Abu Hamza launches last-ditch legal challenge

 

Terri Judd
Wednesday 26 September 2012 19:21 BST
Radical cleric Abu Hamza has launched a last-minute High Court bid to avoid extradition to the United States
Radical cleric Abu Hamza has launched a last-minute High Court bid to avoid extradition to the United States (PA)

Just 24 hours after it was announced that the radical cleric Abu Hamza was to be deported from the UK, his lawyers launched an eleventh-hour legal attempt to save him from extradition.

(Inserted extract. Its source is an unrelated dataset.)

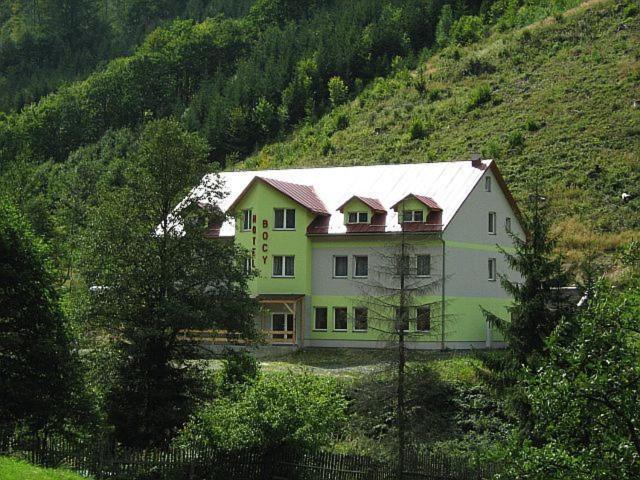 Hotel Bocy Ошчадница Екстериор снимка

Today, a judge issued interim injunctions preventing Hamza’s removal – along with the fellow terror suspect Khalid al-Fawwaz – pending an “urgent” hearing of their application before the High Court.

It was unclear on what grounds the two men were attempting to block their extradition, but a spokeswoman for the Judicial Office confirmed that both men were “seeking injunctions preventing their removal from the UK”.

“The applications will be heard by the Divisional Court on 2 October before Sir John Thomas, president of the Queen’s Bench Division, and Mr Justice Ouseley,” she added.

The new legal action comes after judges at the European Court of Human Rights appeared to end Hamza’s eight-year battle by dismissing his request to appeal.

The court ruled on 10 April that “detention conditions and length of sentences of five alleged terrorists would not amount to ill-treatment if they were extradited to the USA”.

On Tuesday the panel of five judges threw out Hamza’s request – along with that of fellow suspects Fawwaz, Babar Ahmad, Seyla Talha Ahsan and Adel Abdul Bary – to appeal the decision to its Grand Chamber.

Hamza, who was jailed for seven years for soliciting to murder and inciting racial hatred, has been fighting extradition since 2004.